$250K grant provides laptops to incarcerated students at Wash. women's facility

Inmates enrolled in courses at a local community college will be able to use the laptops while taking classes


By Rachel Friederich
Washington Dept. of Corrections Communications Office

GIG HARBOR, Wash. — The Andrew W. Mellon Foundation has awarded a $250,000 grant to expand technology for students taking college classes at the Washington Corrections Center for Women.

The grant will be used to purchase 100 new laptops for incarcerated students to use who are enrolled in Tacoma Community College (TCC) courses and classes taught through the Freedom Education Project of Puget Sound (FEPPS). Students would be able to use the laptops while enrolled in these classes. The grant will also help pay for two part-time staff to provide information technology support to integrate the use of laptops and teach incarcerated students to use them. Additionally, the grant will fund a needs assessment for and purchase of assistive technologies for incarcerated students with learning disabilities.

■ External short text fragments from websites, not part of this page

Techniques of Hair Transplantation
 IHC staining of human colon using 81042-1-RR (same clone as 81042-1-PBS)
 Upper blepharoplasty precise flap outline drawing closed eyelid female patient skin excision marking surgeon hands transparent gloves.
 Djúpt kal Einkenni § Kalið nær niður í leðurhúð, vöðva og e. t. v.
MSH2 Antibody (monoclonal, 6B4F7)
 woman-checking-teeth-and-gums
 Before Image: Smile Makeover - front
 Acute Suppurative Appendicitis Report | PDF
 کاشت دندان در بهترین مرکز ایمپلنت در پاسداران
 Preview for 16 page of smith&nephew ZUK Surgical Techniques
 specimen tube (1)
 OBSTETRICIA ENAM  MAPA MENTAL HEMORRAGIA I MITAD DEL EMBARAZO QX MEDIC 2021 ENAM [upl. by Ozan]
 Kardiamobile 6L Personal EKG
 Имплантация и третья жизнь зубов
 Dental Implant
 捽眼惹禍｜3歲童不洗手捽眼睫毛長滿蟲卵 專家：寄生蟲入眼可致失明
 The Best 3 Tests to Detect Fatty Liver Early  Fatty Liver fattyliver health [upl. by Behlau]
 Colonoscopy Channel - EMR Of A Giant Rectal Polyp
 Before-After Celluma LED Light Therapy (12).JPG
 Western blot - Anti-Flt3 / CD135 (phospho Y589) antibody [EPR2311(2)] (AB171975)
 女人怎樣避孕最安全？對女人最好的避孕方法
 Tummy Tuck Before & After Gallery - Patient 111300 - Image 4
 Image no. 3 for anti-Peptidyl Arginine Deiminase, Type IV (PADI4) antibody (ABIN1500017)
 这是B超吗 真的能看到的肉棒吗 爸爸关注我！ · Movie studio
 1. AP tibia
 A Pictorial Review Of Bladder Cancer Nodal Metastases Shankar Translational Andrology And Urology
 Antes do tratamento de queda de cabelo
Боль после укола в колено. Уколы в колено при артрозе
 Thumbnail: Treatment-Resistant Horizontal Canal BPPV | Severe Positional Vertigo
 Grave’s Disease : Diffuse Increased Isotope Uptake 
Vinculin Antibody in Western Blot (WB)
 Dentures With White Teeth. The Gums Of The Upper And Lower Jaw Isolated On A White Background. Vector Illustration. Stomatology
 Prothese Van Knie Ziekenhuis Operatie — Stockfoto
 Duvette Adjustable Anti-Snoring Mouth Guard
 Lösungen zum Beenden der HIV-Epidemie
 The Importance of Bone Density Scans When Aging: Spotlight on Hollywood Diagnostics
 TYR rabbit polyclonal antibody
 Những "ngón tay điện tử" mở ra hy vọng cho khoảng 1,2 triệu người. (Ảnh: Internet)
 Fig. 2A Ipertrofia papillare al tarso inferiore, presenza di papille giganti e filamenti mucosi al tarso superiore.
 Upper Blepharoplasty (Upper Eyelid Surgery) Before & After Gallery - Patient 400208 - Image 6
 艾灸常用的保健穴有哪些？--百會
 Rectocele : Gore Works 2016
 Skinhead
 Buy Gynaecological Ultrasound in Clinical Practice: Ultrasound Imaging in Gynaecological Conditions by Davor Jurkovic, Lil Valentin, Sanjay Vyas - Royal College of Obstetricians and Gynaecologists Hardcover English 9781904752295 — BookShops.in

"This grant reflects the strong collaboration between the facility, TCC and FEPPS and it will allow us to do things we weren’t able to do before,” said FEPPS Executive Director Jennifer Bright. “It levels the playing field. It will allow us to be able to do more towards comparable education technologies and it will be a huge step forward to having the kinds of technological tools many of us take for granted on the outside.”